I had a little talk today—
An argument with Dan and Ike:
First Dan, he said 'twas not his way
To do the things he didn't like.

And Ike, he said that Dan was wrong;
That only cowards dodged and hid.
Because it made him brave and strong,
The things he didn't like, he did!

But then I showed to Ike and Dan
An easy way between the two:
I always try, as best I can,
To like the things I have to do.

Arthur Guiterman, in Youth's Companion.

LIVINGSTONE'S BODY-GUARD

The work of David Livingstone in Africa was so far that of a missionary-explorer and general that the field of his labor is too broad to permit us to trace individual harvests. No one man can quickly scatter seed over so wide an area. But there is one marvelous story connected with his death, the like of which has never been written on the scroll of human history. All the ages may safely be challenged to furnish its parallel.

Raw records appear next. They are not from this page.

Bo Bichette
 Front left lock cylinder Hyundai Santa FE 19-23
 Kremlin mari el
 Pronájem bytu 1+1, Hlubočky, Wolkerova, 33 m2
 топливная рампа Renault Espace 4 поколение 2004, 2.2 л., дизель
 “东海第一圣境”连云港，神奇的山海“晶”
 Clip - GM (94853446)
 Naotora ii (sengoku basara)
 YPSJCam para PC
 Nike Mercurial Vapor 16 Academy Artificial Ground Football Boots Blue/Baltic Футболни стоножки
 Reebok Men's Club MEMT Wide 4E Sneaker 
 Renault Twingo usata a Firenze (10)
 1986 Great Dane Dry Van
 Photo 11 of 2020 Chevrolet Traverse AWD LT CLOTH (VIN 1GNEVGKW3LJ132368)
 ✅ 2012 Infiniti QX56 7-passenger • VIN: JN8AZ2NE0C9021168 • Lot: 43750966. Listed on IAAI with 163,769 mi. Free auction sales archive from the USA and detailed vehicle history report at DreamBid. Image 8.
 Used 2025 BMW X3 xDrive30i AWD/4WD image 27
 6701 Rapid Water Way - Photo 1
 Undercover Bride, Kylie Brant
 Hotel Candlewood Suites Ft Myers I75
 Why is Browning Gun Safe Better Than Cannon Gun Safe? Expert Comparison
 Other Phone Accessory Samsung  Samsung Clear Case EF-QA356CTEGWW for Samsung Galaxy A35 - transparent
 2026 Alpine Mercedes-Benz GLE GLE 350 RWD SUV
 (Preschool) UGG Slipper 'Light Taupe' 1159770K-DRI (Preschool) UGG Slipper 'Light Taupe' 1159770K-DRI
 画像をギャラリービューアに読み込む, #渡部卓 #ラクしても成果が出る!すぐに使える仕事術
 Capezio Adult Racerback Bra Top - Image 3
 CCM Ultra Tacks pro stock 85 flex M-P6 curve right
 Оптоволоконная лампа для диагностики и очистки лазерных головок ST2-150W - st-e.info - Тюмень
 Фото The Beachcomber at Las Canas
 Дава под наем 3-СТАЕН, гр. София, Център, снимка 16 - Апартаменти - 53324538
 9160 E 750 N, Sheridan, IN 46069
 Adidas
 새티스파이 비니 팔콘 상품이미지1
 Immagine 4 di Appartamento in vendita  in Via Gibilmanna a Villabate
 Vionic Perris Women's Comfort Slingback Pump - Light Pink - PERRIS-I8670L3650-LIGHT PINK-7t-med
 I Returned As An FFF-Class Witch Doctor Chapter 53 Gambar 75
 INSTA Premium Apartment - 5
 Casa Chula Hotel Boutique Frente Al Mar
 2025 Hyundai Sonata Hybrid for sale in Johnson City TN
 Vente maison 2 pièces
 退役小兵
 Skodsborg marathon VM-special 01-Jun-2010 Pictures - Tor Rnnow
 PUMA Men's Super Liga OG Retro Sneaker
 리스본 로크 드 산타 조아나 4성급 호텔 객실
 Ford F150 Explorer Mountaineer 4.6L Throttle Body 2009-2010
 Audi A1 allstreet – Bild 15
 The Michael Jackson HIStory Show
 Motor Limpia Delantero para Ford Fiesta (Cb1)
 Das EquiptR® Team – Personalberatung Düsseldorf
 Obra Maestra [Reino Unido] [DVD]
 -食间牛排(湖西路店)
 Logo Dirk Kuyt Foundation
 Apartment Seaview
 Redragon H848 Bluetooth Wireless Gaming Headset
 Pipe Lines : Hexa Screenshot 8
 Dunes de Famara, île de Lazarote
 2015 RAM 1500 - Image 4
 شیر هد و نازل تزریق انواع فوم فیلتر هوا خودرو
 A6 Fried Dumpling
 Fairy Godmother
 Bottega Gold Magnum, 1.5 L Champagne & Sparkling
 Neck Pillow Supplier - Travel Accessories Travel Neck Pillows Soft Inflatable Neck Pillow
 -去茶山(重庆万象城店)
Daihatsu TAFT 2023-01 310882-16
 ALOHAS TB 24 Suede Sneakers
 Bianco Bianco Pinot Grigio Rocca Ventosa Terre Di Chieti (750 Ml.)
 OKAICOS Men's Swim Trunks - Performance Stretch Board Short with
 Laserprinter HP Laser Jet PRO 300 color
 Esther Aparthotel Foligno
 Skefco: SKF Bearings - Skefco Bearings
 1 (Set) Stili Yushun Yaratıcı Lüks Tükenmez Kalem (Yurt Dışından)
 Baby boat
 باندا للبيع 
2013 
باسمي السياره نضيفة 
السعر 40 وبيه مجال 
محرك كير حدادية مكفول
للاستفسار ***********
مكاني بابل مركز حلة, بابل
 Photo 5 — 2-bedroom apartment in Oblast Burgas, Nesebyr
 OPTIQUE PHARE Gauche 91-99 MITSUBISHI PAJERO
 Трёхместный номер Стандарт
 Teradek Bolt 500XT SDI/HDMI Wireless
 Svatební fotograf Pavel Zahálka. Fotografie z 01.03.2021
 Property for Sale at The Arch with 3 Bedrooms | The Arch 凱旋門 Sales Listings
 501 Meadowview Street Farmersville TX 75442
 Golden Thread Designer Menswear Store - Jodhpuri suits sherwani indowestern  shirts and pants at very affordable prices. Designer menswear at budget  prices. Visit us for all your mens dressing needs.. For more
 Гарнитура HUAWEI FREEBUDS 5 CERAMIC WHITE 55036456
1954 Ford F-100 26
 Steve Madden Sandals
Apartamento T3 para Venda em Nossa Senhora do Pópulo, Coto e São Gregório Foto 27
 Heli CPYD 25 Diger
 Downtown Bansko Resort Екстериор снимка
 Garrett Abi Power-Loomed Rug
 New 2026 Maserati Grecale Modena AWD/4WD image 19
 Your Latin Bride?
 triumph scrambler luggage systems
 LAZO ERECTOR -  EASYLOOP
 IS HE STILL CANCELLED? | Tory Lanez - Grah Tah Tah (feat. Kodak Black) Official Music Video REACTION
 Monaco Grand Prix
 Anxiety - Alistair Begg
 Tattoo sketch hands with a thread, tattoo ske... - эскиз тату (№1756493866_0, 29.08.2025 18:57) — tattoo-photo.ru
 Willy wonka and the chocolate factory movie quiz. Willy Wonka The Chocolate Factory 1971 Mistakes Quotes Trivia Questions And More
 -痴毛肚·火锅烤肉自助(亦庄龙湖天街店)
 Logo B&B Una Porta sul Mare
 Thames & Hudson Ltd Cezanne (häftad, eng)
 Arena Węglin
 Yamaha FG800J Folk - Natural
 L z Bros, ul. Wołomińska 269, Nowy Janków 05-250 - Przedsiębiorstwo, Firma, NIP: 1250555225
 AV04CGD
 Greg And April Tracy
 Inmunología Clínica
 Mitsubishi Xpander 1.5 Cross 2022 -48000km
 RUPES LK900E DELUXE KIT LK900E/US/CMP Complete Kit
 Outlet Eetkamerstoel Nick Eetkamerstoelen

On the night of his death he called for Susi, his faithful servant, and, after some tender ministries had been rendered to the dying man, Livingstone said: "All right; you may go out now," and Susi reluctantly left him alone. At four o'clock the next morning, May 1, Susi and Chuma, with four other devoted attendants, anxiously entered that grass hut at Ilala. The candle was still burning, but the greater light of life had gone out. Their great master, as they called him, was on his knees, his body stretched forward, his head buried in his hands upon the pillow. With silent awe, they stood apart and watched him, lest they should invade the privacy of prayer. But he did not stir; there was not even the motion of breathing, but a suspicious rigidity of inaction. Then one of them, Matthew, softly came near and gently laid his hands upon Livingstone's cheeks. It was enough; the chill of death was there. The great father of Africa's dark children was dead, and they were orphans. The most refined and cultured Englishmen would have been perplexed as to what course to take. They were surrounded by superstitious and unsympathetic savages, to whom the unburied remains of the dead man would be an object of dread. His native land was six thousand miles away, and even the coast was fifteen hundred. A grave responsibility rested upon these simple-minded sons of the Dark Continent, to which few of the wisest would have been equal. Those remains, with his valuable journals, instruments, and personal effects, must be carried to Zanzibar. But the body must first be preserved from decay, and they had no skill nor facilities for embalming; and if preserved, there were no means of transportation—no roads nor carts. No beasts of burden being available, the body must be borne on the shoulders of human beings; and, as no strangers could be trusted, they must themselves undertake the journey and the sacred charge.

These humble children of the forest were grandly equal to the occasion, and they resolved among themselves to carry the body to the seashore, and not give it into other hands until they could surrender it to his countrymen. Moreover, to insure safety to the remains and security to the bearers, it must be done with secrecy. They would gladly have kept secret even their master's death, but the fact could not be concealed. God, however, disposed Chitambo and his subjects to permit these servants of the great missionary to prepare his emaciated body for its last journey, in a hut built for the purpose, on the outskirts of the village.

Now watch these black men as they rudely embalm the body of him who had been to them a savior. They tenderly open the chest and take out the heart and viscera. These they, with a poetic and pathetic sense of fitness, reserve for his beloved Africa. The heart that for thirty-three years had beat for her welfare must be buried in her bosom. And so one of the Nassik boys, Jacob Wainright, read the simple service of burial, and under the moula-tree at Ilala that heart was deposited, and that tree, carved with a simple inscription, became his monument. Then the body was prepared for its long journey; the cavity was filled with salt, brandy poured into the mouth, and the corpse laid out in the sun for fourteen days, and so was reduced to the condition of a mummy, Afterward it was thrust into a hollow cylinder of bark. Over this was sewed a covering of canvas. The whole package was securely lashed to a pole, and so at last was ready to be borne between two men upon their shoulders.

As yet the enterprise was scarcely begun, and the most difficult part of their task was before them. The sea was far away, and the path lay through a territory where nearly every fifty miles would bring them to a new tribe, to face new difficulties.